Kindness of Strangers
A caring gesture gave me hope
I WAS ALMOST UNDONE by the kindness of an elderly flower seller at Sydney’s Central Station one evening.
I was feeling as raw as the chill winds quickening the steps of the commuters who burrowed chins in scarves and hands deep into coat pockets. In many ways, 2018 had proven a tough year – a year of shedding. My teenage daughter had left home for university, my job of 23 years was no more, and a creative project I’d given my all to for years had also been abruptly called off. I also found out a person I’d thought was a friend was far from it.
A year earlier, I’d dreamt about an earthquake. In the dream, a red light flashed inside a building and then the earth began to rock. Walls crumbled and debris rained down on me as I ran into the open, feeling pangs of grief for the people I hadn’t loved enough.

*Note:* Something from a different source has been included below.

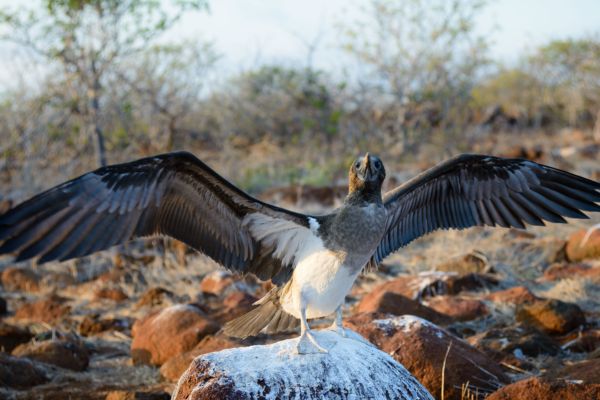 Andes to Galapagos: Inca Wonders and Enchanted Isles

Before I was buried completely by the falling world, I stretched out my hands and shouted, “Abuelo, ayudame,” in my native Spanish. “Grandfather, help me!”

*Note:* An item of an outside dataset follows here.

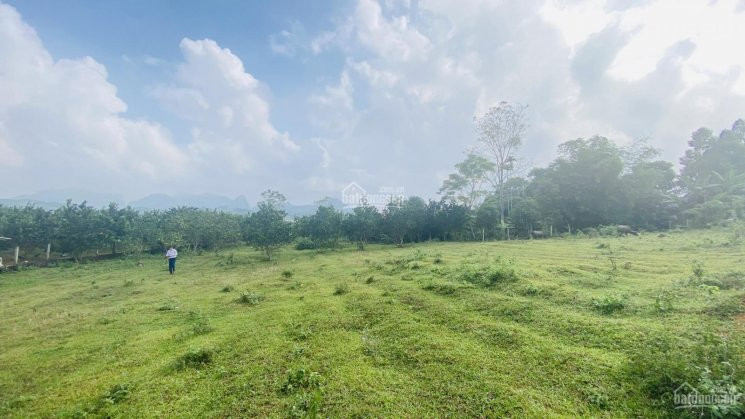 Cơ Hội Sở Hữu Ngay 6424m2 đất Thổ Cư View Tuyệt đỉnh Tại Kim Bôi, Hòa Bình 3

Now, navigating the very real aftershocks of a succession of unexpected endings, I walked into a little flower shop to buy a gift for a friend. The gentleman at the till looked at me and turned away for a moment, returning with a fragrant daffodil. “For you. You need to smile today,” he said in a rich and beautiful accent, offering me the flower with eyes full of extraordinary compassion.
It took all my strength not to burst into tears. Then he wrapped me in a grandfatherly hug that made me want to tell him everything.
Instead, I thanked him and headed for the train. How did he know? I marvelled. For the first time in weeks, I felt steady. I felt hope.